▶ Input records:
◇ ◇ ◇

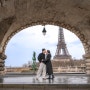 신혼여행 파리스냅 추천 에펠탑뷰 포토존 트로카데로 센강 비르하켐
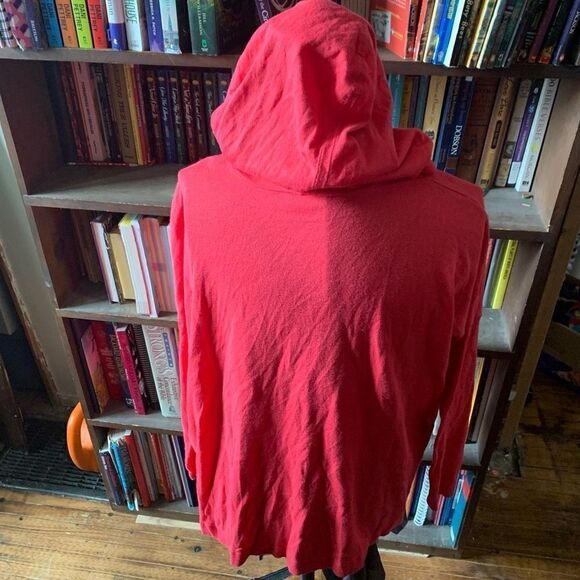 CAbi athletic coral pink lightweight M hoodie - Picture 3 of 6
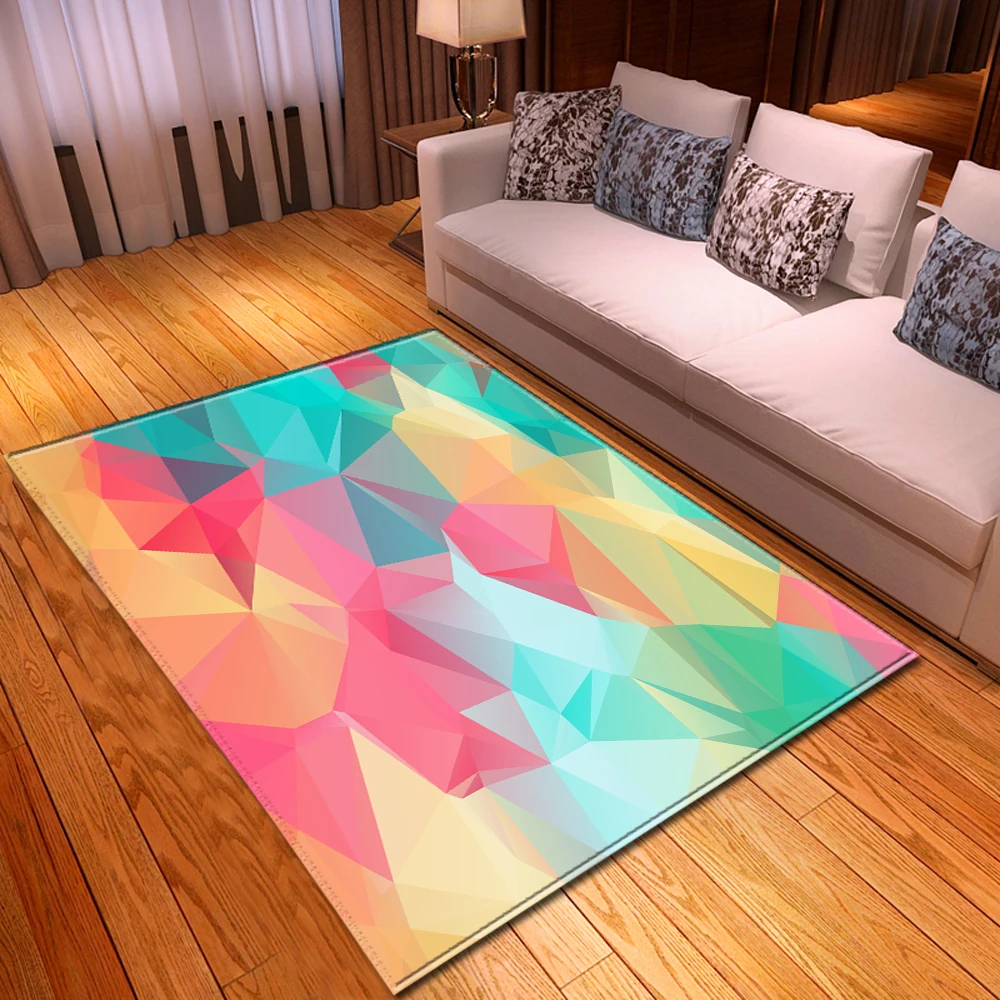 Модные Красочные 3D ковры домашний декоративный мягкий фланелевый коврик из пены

◇ ◇ ◇

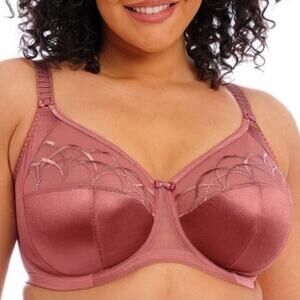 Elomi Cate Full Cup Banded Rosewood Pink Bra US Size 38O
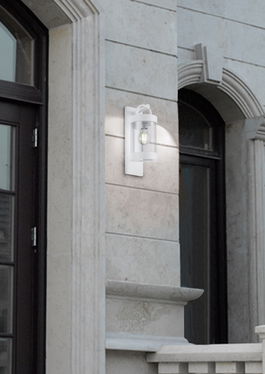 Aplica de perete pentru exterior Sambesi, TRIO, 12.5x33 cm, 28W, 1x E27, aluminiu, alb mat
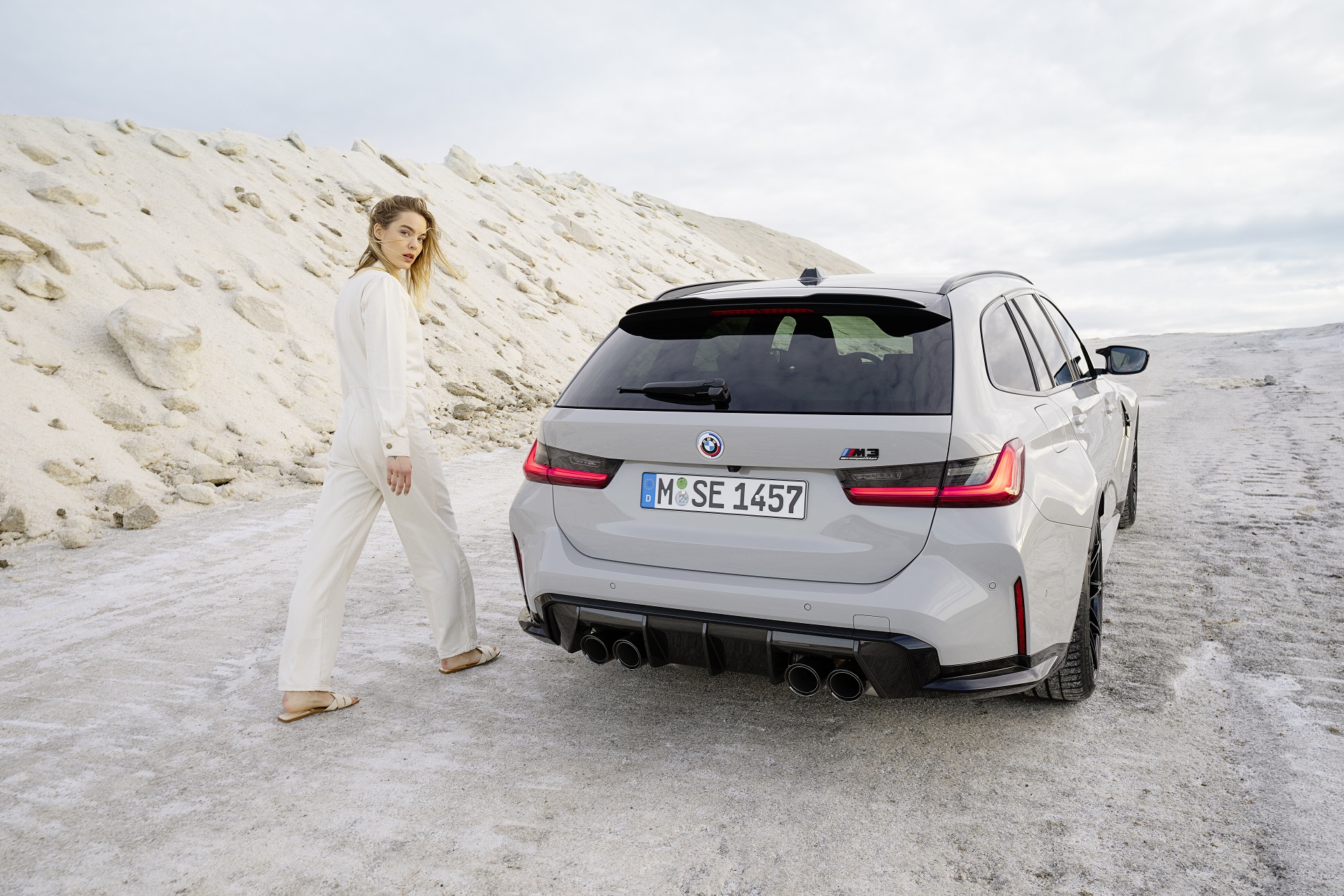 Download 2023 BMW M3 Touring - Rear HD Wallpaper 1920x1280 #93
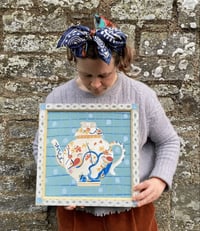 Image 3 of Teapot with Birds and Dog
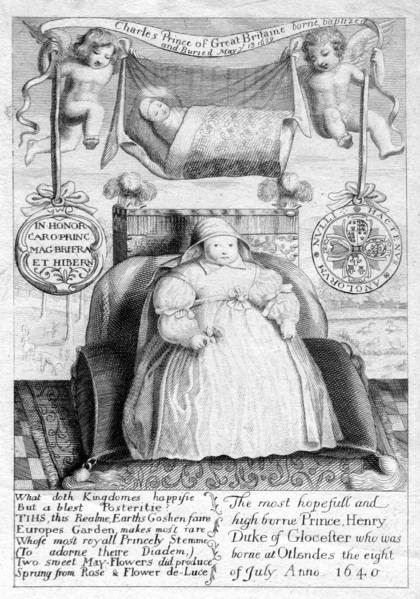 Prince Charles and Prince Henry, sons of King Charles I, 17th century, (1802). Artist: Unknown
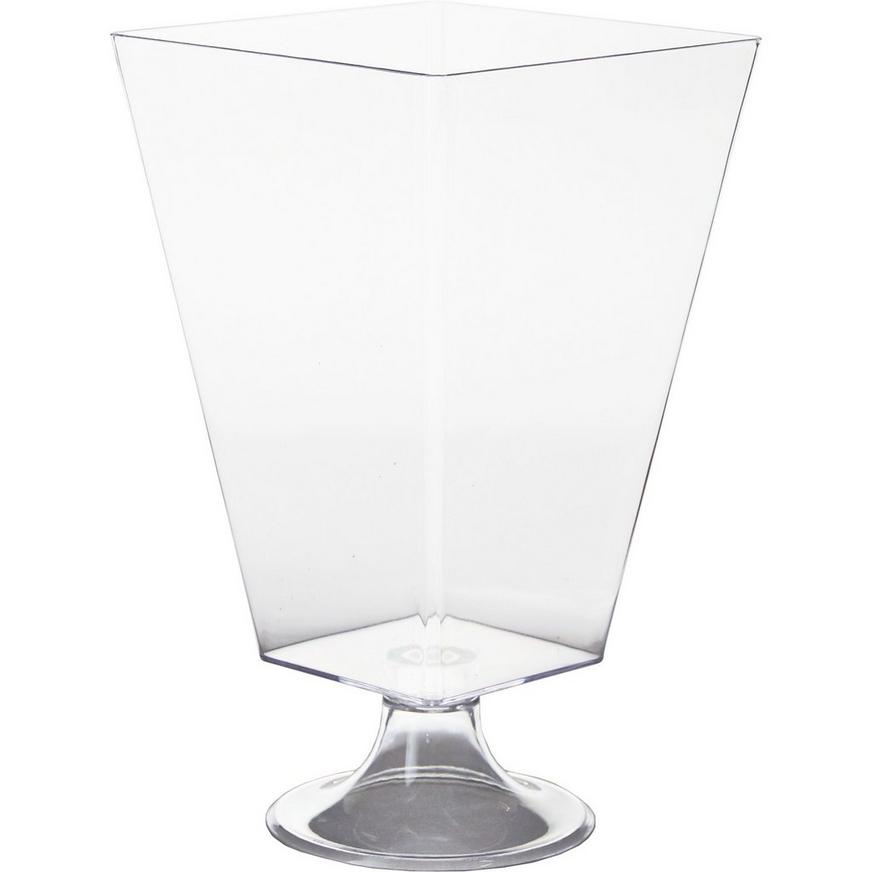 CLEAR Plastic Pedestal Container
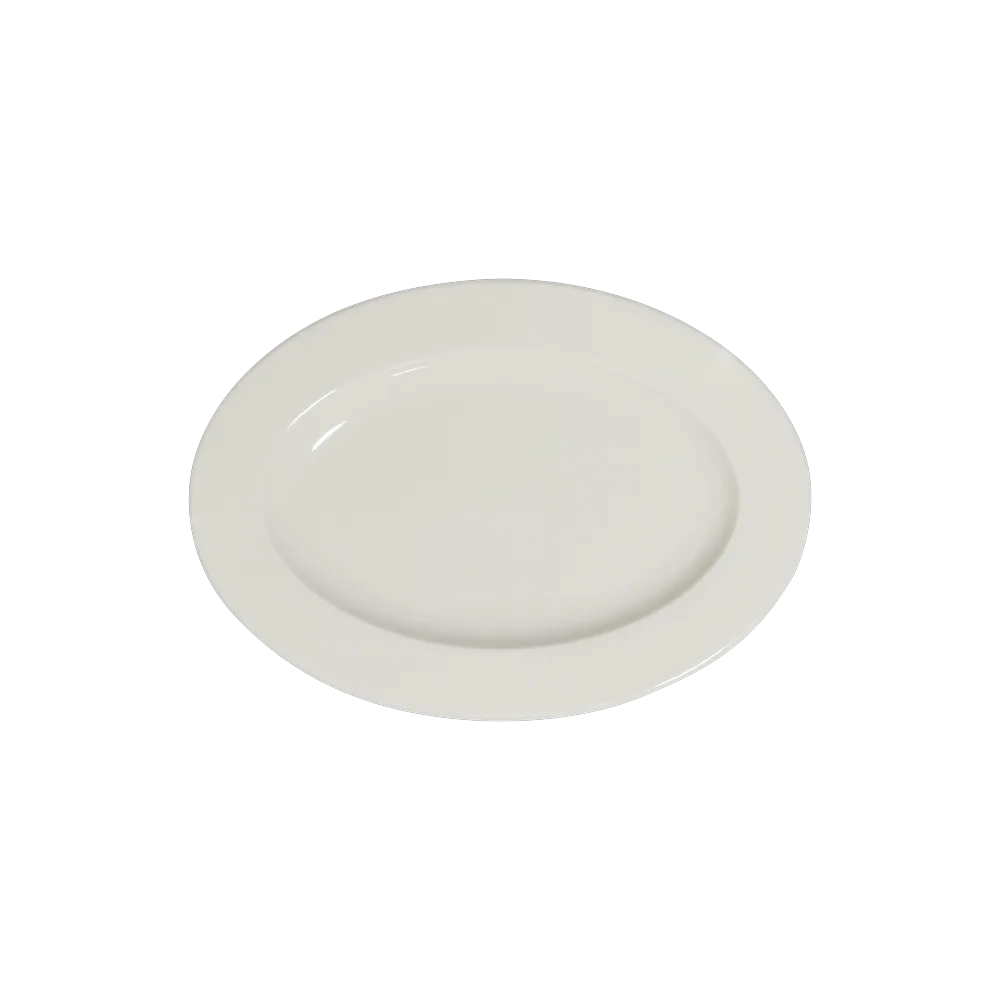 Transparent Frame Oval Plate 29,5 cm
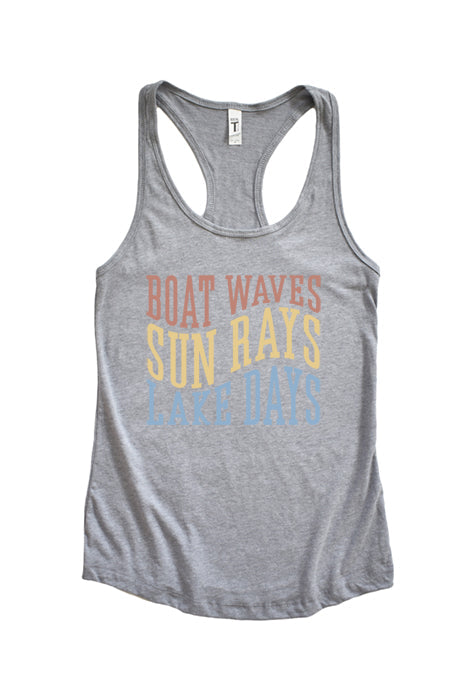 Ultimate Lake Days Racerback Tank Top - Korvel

◇ ◇ ◇

▶ Task instructions:
Could you write out exactly the lines of the data above that run from the one holding "신혼여행 파리스냅 추천 에펠탑뷰 포토존 트로카데로 센강 비르하켐" to the one holding "Модные Красочные 3D", with both ends in and all pictures out?

▶ Solution:
 신혼여행 파리스냅 추천 에펠탑뷰 포토존 트로카데로 센강 비르하켐
 CAbi athletic coral pink lightweight M hoodie - Picture 3 of 6
 Модные Красочные 3D ковры домашний декоративный мягкий фланелевый коврик из пены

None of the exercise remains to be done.